Abstract:
A method of etching a device in one embodiment includes providing a silicon carbide substrate, forming a silicon nitride layer on a surface of the silicon carbide substrate, forming a silicon carbide layer on a surface of the silicon nitride layer, forming a silicon dioxide layer on a surface of the silicon carbide layer, forming a photoresist mask on a surface of the silicon dioxide layer, and etching the silicon dioxide layer through the photoresist mask.

Description:
FIELD OF THE INVENTION 
       [0001]    This invention relates to fabrication processes for semiconductor devices. 
       BACKGROUND 
       [0002]    Silicon carbide (SiC) has a large energy band gap and high breakdown field. As such, SiC is an attractive material for electronic devices operating at high temperatures and high power. SiC also exhibits mechanical properties and chemical inertness which are useful in micro-electromechanical systems (MEMS) as well as nano-electromechanical systems (NEMS) for applications in harsh environments. SiC based devices are therefore particularly attractive for use as high-temperature sensors and actuators. 

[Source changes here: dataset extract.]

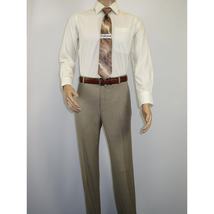 Men's Suit by Giorgio Cosani Textured Wool/Cashmere Blend 901-14 Beige 40 Long image 8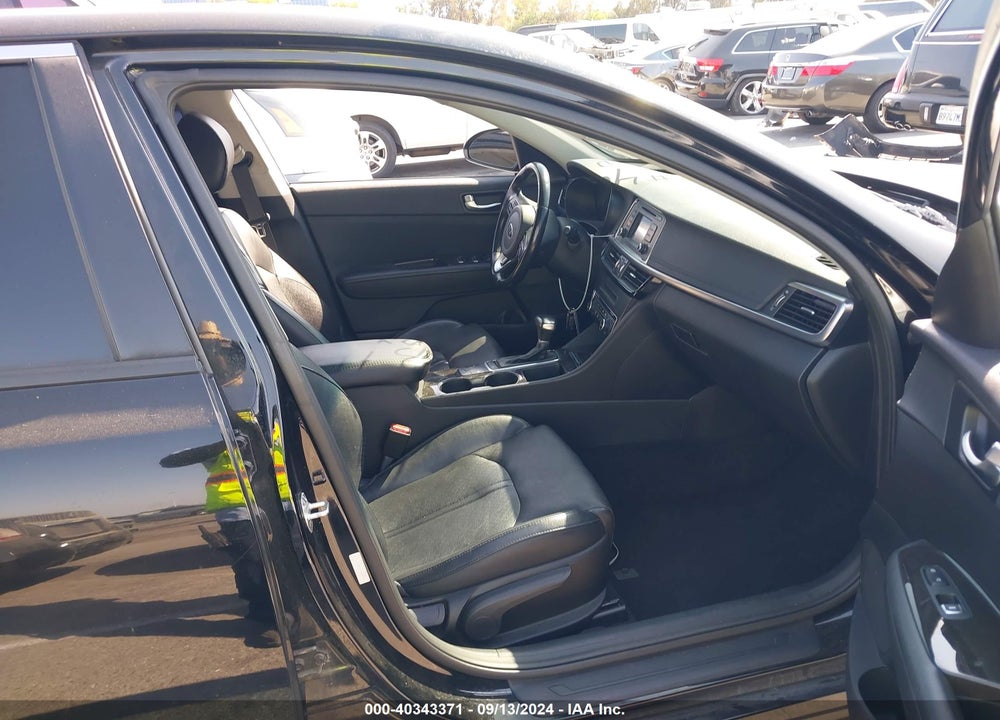 2016 KIA OPTIMA EX VIN: 5XXGU4L3XGG041972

         [0003]    Additionally, SiC has a high acoustic velocity and extremely stable surfaces. Thus, SiC is a promising structural material for fabricating ultra-high frequency micromechanical signal processing systems. The highly stable physicochemical properties of SiC also improve the performance of high-frequency resonators as the surface-to-volume ratio increases when the resonator frequency scales into the GHz ranges. 
         [0004]    One of the challenges in fabricating SiC devices is related to the selective etching of SiC films or SiC bulk materials. Unlike silicon (Si), SiC is not etched significantly by most acids and bases at temperatures less than about 600° C. Most wet etching processes, however, are not easily effected at temperatures greater than about 600° C. Non-standard techniques such as laser-assisted photo-electrochemical etching have been developed, but such techniques require special equipment and exhibit poor lateral dimension control. 
         [0005]    Traditional fabrication processes incorporating photoresist etch masks are also problematic. Primary etch gasses that are used in SiC etching include chlorine (Cl 2 ) and hydrogen bromide (HBr). The photoresist material, however, exhibits poor selectivity compared to SiC when exposed to traditional etch gases. 
         [0006]    What is needed is a method of manufacturing a device incorporating a masking material which exhibits increased selectivity compared with traditional masking materials. What is further needed is a method of manufacturing a device incorporating a masking material which exhibits increased selectivity when exposed to traditional SiC etching gases. 
       SUMMARY 
       [0007]    In accordance with one embodiment of the present invention, there is provided a method of etching a device that includes providing a silicon carbide substrate, forming a silicon nitride layer on a surface of the silicon carbide substrate, forming a silicon carbide layer on a surface of the silicon nitride layer, forming a silicon dioxide layer on a surface of the silicon carbide layer, forming a photoresist mask on a surface of the silicon dioxide layer, and etching the silicon dioxide layer through the photoresist mask.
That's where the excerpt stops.